Existence of derivative of a function at $1/2$

Question

Question. $f$ is real valued function on $[0,1]$ such that $(2x-1)(2f(x)-x)>0$ for all $x≠1/2$ then prove that if $f'(1/2)$ exist then it cannot be smaller than $1/2$.

Here is my argument.

Let us assume that $f'(1/2)$ exists. Then, by the definition of the derivative, we have

$f'(1/2)=\lim\limits_{x\to1/2}\dfrac{f(x)-f(1/2)}{x-1/2}$

We can rewrite the given inequality as

$2f(x) - x > 0$ if $x < 1/2$

$2f(x) - x < 0$ if $x > 1/2$

Since $(2x - 1) > 0$ for $x > 1/2$ and $(2x - 1) < 0$ for $x < 1/2$, we can infer that

$2f(x) - x > 0$ for $x > 1/2$

$2f(x) - x < 0$ for $x < 1/2$

Now, let us consider a sequence $(x_n)$ that converges to $1/2$ from below, i.e., $x_n < 1/2$ for all $n$ and $\lim\limits_{n\to\infty}x_n=1/2$.
Then, we have

$2f(x_n) - x_n > 0$

Multiplying both sides by $2x_n - 1$, we get

$(2x_n - 1)(2f(x_n) - x_n) > 0$

Dividing both sides by $x_n - 1/2$, we get

$2f(x_n) - x_n > 0$ for $n$ sufficiently large

Therefore, for $x$ close to $1/2$, $f(x)$ is greater than $x/2$. This implies that the right-hand limit of $f(x)/x$ as $x$ approaches $1/2$ is at least $1/2$. In other words,

$\lim\limits_{x\to(1/2)^+}\dfrac{f(x)}x\geqslant\dfrac12$

By the definition of the derivative, we have

$f'(1/2)=\lim\limits_{x\to1/2}\dfrac{f(x)-f(1/2)}{x-1/2}=\lim\limits_{x\to1/2}\dfrac{f(x)}x$

Since the left-hand limit of $f(x)/x$ as $x$ approaches $1/2$ is also at least $1/2$ (because $f(x)$ is non-negative for $x$ close to $1/2$), we have

$\lim\limits_{x\to(1/2)^-}\dfrac{f(x)}x\geqslant\dfrac12$

Therefore, $f'(1/2)$ is at least $1/2$, as required to be shown.
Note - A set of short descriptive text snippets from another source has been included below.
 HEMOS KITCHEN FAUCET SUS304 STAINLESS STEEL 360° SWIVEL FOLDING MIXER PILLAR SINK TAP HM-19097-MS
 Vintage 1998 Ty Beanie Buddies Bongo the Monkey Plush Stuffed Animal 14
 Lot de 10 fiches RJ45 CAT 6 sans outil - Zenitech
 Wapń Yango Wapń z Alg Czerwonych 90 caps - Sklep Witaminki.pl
Please cheak this or give another solution... thank you...

Answer 1

Since for hypothesis there exists $\,f’\left(\dfrac12\right)\,,\,$ the function $\,f(x)\,$ is continuous at $\,x=\dfrac12\,.$

Moreover,

$ f(x)>\dfrac x2\quad$ for $\;x>\dfrac12\;,$

$ f(x)<\dfrac x2\quad$ for $\;x<\dfrac12\,.$

Consequently,

$f\left(\dfrac12\right)=\lim\limits_{x\to(1/2)^+}f(x)\geqslant\lim\limits_{x\to(1/2)^+}\dfrac x2=\dfrac14\;,$

$f\left(\dfrac12\right)=\lim\limits_{x\to(1/2)^-}f(x)\leqslant\lim\limits_{x\to(1/2)^-}\dfrac x2=\dfrac14\;,$

hence $\;f\left(\dfrac12\right)=\dfrac14\;.$

Furthermore ,

$\dfrac{f(x)-f\left(\frac12\right)}{x-\frac12}=\dfrac{f(x)-\frac14}{x-\frac12}=$

$=\dfrac{f(x)-\frac x2}{x-\frac12}+\dfrac{\frac x2-\frac14}{x-\frac12}=\dfrac{2f(x)-x}{2x-1}+\dfrac12=$

$=\dfrac{(2x-1)[2f(x)-x]}{(2x-1)^2}+\dfrac12>\dfrac12\quad$ for all $\;x\ne\dfrac12\;.$

Consequently,

$f’\left(\dfrac12\right)=\lim\limits_{x\to\frac12} \dfrac{f(x)-f\left(\frac12\right)}{x-\frac12}\geqslant\dfrac12\;.$